Today, one in four children in the U.S. live in immigrant families, which makes the need for comprehensive programs and support all the more necessary, Lander said.
“We should be thinking intentionally, thoughtfully about how our schools are nurturing a strong sense of belonging for our students,” Lander said, “how they are valuing the voices of many identities of our students and how they are really helping our students thrive as they build new communities and new homes here.”
Each chapter in the book is focused on one of eight “essential elements of belonging,” the last of which recommends changes that can be made in the classroom and in communities, Lander said.
Julian, a former student of Lander’s who graduated in 2019, is originally from Columbia, immigrating to Lowell in 2015. Upon arrival, he entered Lowell High’s English language learners program and enrolled in Lander’s class that year.
It was difficult finding his place here after leaving his family behind, and he “basically had to start from scratch,” he said, but Lander’s encouragement made the transition a success.

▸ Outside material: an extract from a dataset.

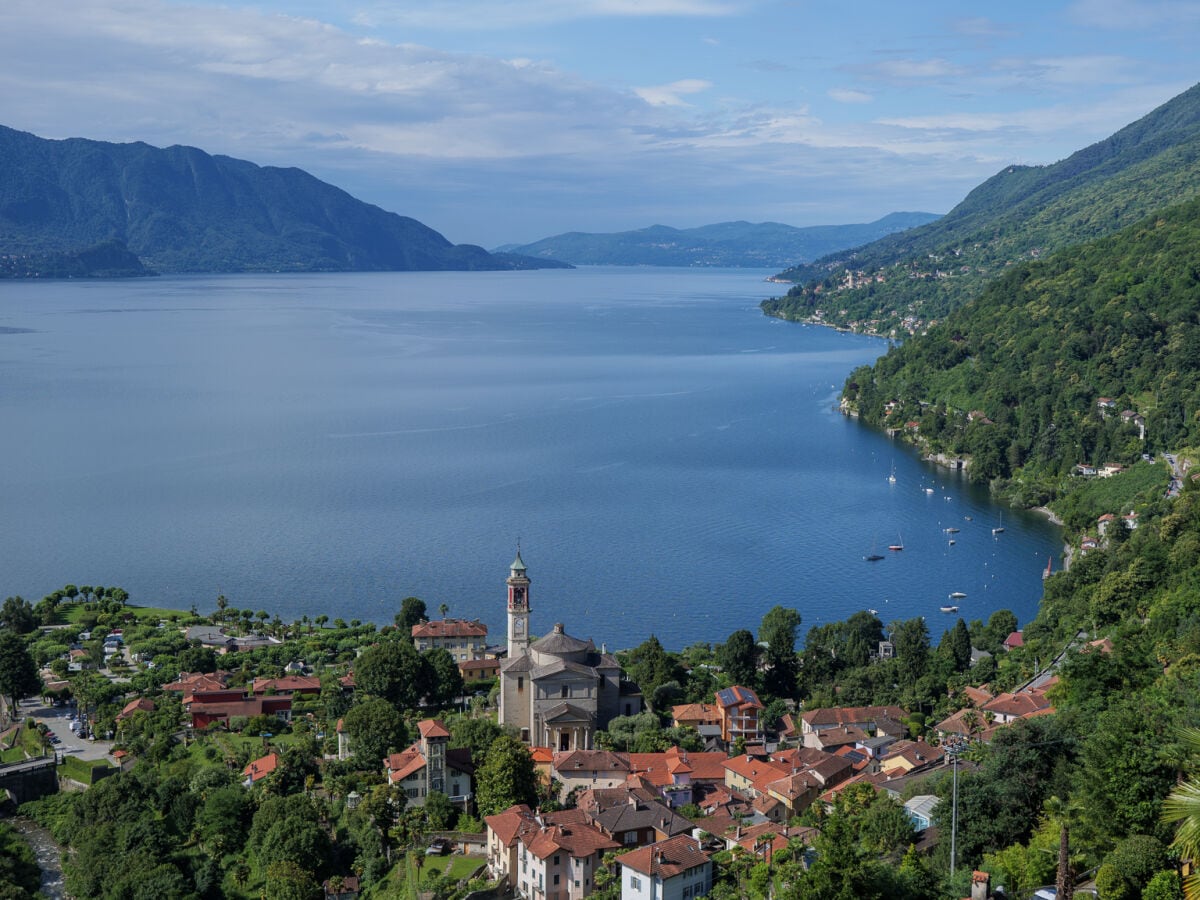 Fantastische Sicht auf den See und die Berge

He now studies journalism at UMass Lowell, having been inspired to write because of Lander.
“She’s an incredible teacher,” Julian said. “She was always someone that we could go to if we needed any help, even academically or personally.”
Safiya, who also had Lander as a teacher, switched her college major to education after she began working as a teaching assistant for Lander.
Lander created an environment that helped Safiya through the immense “culture shock” she encountered after she emigrated from Iraq and Turkey. She was also the first teacher to talk to her parents, using a translation app.
“She’s welcoming to everybody who comes into our classroom,” Safiya said.
Both Julian and Safiya’s stories are told in Lander’s book. Lander requested their last names be omitted from this article.
Everyone should work to create communities in which every resident feels as though they belong, Lander said, and that is the intention of her book.
“I think we connect most when we are reading the stories of people,” she said. “There’s so many courageous people who share their stories, and my hope is that everyone will find connections to folks in the book.”